The glyph had been shining since Galoth, yet not with such intensity. In the day, the glow touched nothing at all; at night, the hint of golden light it cast upon Elina’s skin or any of her things was easily mistaken for firelight.

Now she looked about in utter confusion. She could not see Warrick or his glyph—the source of the glow—yet by the shadows it cast, clearly the light radiated from a spot alongside her. Her baffled gaze turned to the sky, as if to check whether the moon had peeked through the clouds or refracted off the glass mountain peaks to illuminate the canyon through which they traveled.

Abruptly she whipped her head to the side. Likely another ghost from the corner of her eye. Yet instead of nudging her gelding faster, she drew him to a halt and peered intently at the canyon wall.

In the dark, the sheer glass face acted as a warped and striated mirror, catching the light from his glyph…and the reflections of the ghosts near to the obsidian.

Warrick stared in astonishment. He’d never seen a ghost reflect before. Not on water, not near glass. Yet whether because of the magical nature of the light illuminating them or the haunted obsidian glass, their mirror images were visible as if they were trapped within the canyon walls.

Visible to Elina, too. She’d urged her horse closer to the obsidian cliff. Her gaze fixed on the ghost nearest to her, a delicate woman whose slitted throat was draped in emeralds.

She drew a shaky breath. “I see you.” That tremulous announcement was followed by a lifting of her chin and a firmer, “Who has wronged you?”

Just as she had heard Warrick ask the murdered woman by the bridge.
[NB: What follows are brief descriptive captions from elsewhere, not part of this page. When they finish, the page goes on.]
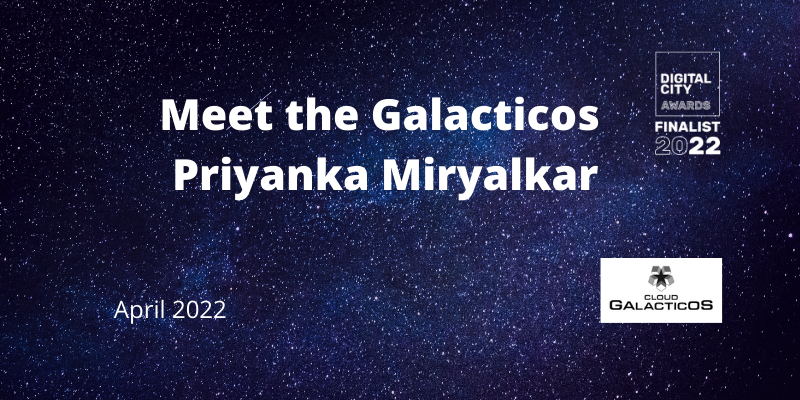 👋Priyanka Miryalkar, Mulesoft Lead Developer👋

"When I spoke to Phil and Paul, it felt good and they gave me that confidence to take on this role. 

I think Cloud Galacticos is a place where I can leverage my skills and also learn new things"

cloudgalacticos.co.uk/priyanka-mirya…

18 /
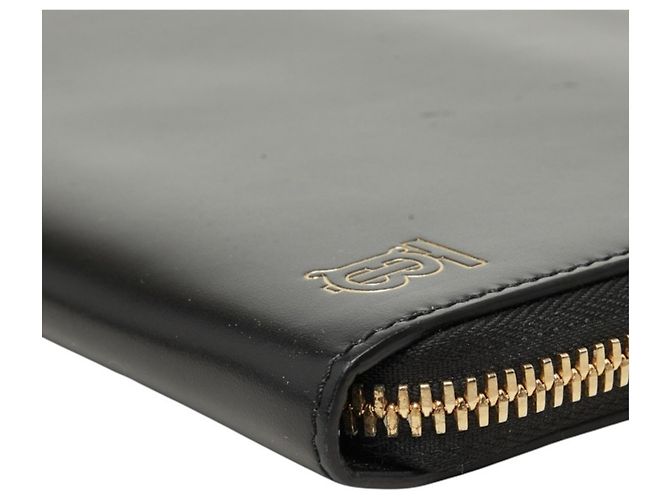 Cover per passaporto Burberry TB Logo Nero - vista 4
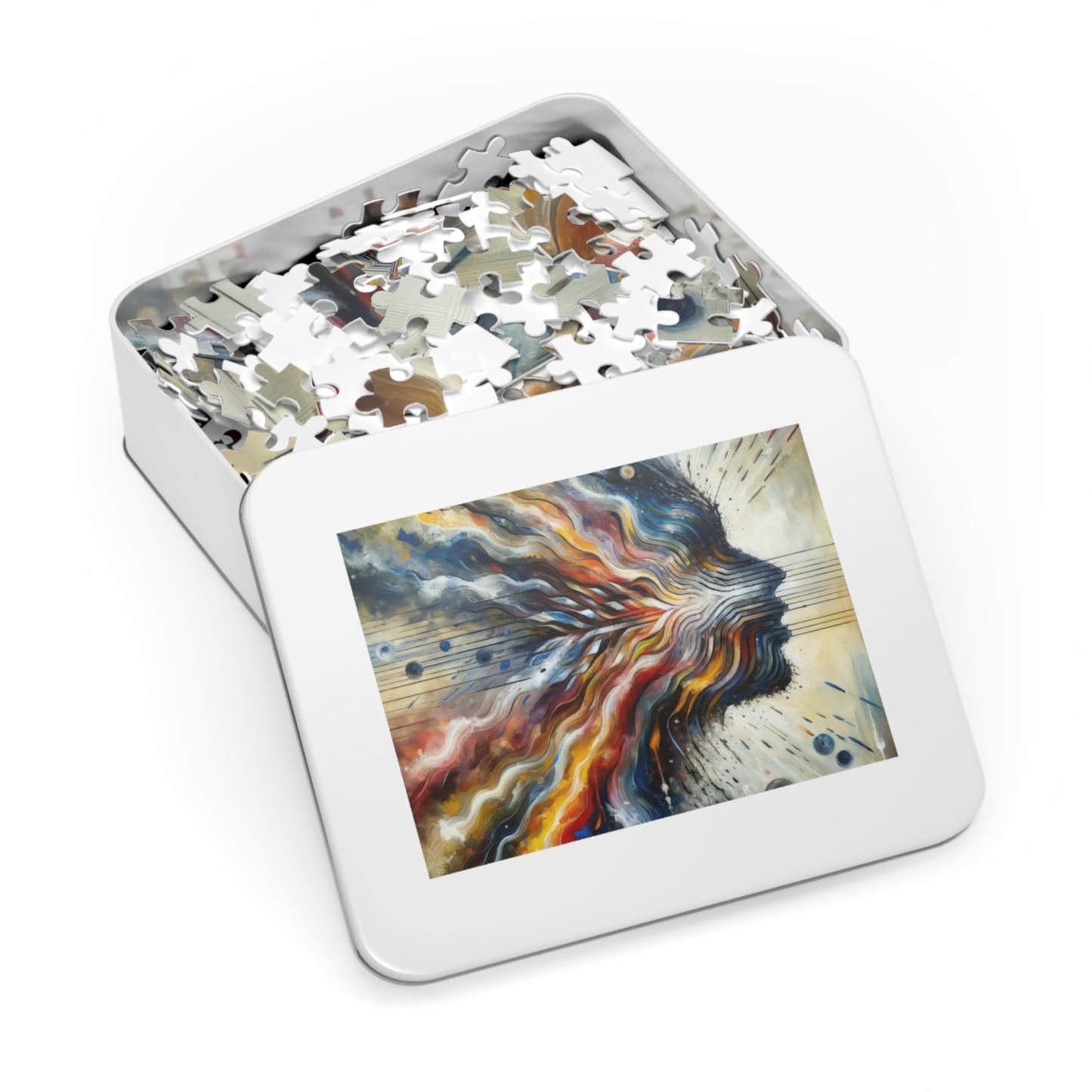 Empathetic Awakening Dynamic Jigsaw Puzzle (30, 110, 252, 500,1000-Piece)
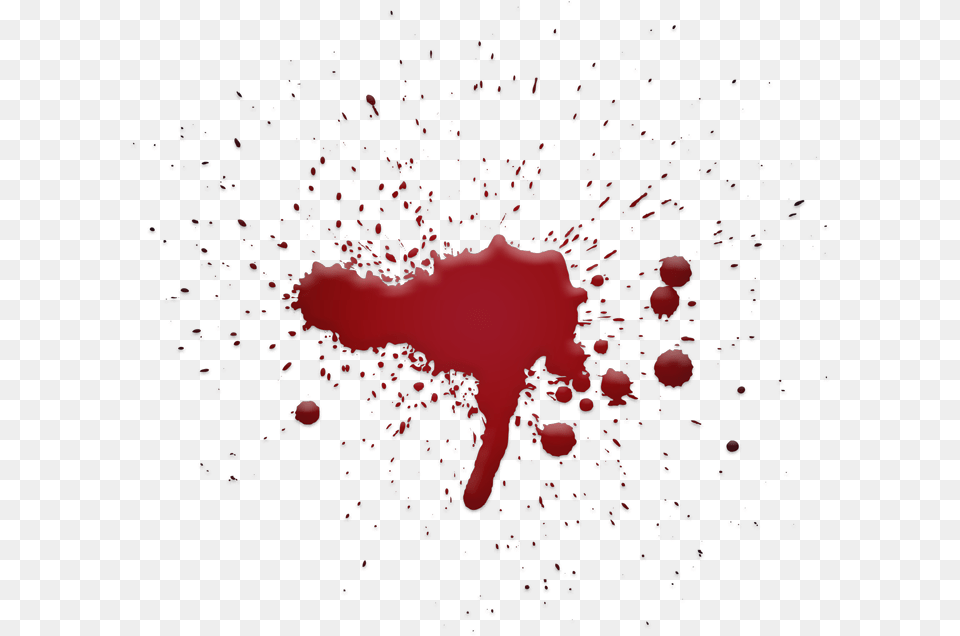 Blood Spatter Blood Splatter Blood Sticker, Droplet Free Transparent Png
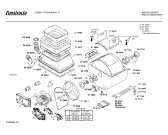 Схема №4 CR50010II CR5001 с изображением Панель для стиралки Bosch 00273677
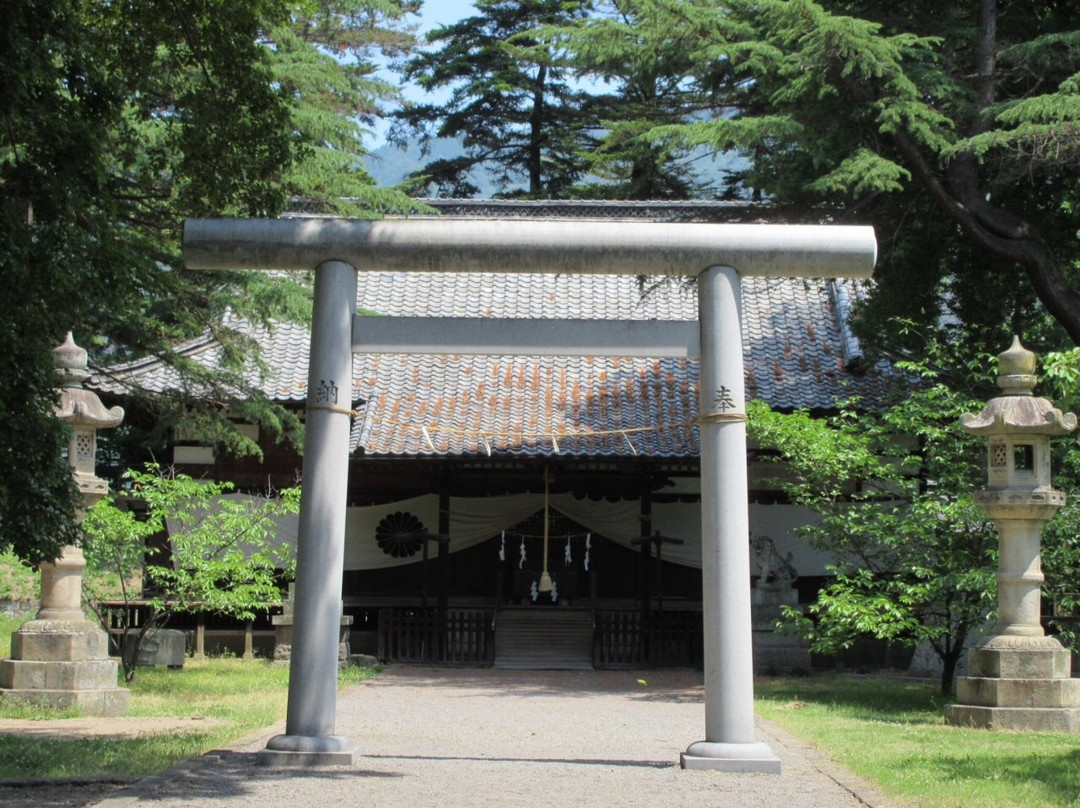 Ueda Shokonsha Shrine-上田市必去景点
Elina meant to right this one’s wrongs.

Never had he loved her more. Heart full, he drew Troll up alongside her. “That one is not worth the effort.”
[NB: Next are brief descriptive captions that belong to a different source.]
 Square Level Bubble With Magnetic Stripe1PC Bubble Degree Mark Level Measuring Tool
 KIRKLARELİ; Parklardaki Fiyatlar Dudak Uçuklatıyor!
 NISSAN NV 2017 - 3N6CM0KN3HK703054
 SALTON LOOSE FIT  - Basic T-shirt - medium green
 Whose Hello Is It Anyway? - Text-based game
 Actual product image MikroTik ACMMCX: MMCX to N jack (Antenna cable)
Elina gave a startled cry. She looked wildly about, pulling her reins this way and that, her gelding prancing anxiously in response to her agitated movements.

Searching for a threat, Warrick pivoted Troll around. Nothing but ghosts. Then his sluggish brain caught up to what her reaction meant.

She’d heard his voice. Mayhap only as an echo from the obsidian, but it mattered not why.